Your task:
Which lines below contain "Print"? Copy every one of them.

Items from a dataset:
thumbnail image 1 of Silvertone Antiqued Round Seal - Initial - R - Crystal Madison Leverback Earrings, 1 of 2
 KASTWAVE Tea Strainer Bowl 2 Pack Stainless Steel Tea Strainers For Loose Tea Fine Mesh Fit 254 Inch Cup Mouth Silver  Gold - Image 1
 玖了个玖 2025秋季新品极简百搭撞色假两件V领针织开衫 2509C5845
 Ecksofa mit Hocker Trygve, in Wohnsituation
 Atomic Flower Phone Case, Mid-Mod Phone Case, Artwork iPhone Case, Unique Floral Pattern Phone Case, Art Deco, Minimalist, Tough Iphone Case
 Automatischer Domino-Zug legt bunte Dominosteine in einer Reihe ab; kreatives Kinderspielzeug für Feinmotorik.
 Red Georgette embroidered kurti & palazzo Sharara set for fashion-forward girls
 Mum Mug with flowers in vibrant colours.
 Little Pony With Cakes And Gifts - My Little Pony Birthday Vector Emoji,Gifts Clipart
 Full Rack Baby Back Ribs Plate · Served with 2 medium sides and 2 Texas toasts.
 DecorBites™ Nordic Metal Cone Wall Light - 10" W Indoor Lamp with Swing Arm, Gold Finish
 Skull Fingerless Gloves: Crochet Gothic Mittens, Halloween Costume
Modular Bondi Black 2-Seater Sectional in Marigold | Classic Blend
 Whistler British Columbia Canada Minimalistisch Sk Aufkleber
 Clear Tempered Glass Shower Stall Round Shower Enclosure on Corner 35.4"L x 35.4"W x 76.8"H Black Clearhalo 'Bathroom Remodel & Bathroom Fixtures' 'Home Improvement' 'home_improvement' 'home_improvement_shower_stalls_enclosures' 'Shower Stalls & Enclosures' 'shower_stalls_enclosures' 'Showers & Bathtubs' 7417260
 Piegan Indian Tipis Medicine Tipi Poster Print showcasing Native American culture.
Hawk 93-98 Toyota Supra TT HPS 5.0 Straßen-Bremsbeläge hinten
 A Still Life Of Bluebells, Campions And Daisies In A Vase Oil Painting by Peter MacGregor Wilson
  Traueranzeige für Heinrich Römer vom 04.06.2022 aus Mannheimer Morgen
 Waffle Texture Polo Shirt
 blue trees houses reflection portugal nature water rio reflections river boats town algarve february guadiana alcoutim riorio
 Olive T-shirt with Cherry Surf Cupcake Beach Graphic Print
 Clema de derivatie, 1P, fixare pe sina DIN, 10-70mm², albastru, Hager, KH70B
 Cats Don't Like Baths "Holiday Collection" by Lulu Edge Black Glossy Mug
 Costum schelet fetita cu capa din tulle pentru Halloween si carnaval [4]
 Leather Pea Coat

Expected output:
 Piegan Indian Tipis Medicine Tipi Poster Print showcasing Native American culture.
 Olive T-shirt with Cherry Surf Cupcake Beach Graphic Print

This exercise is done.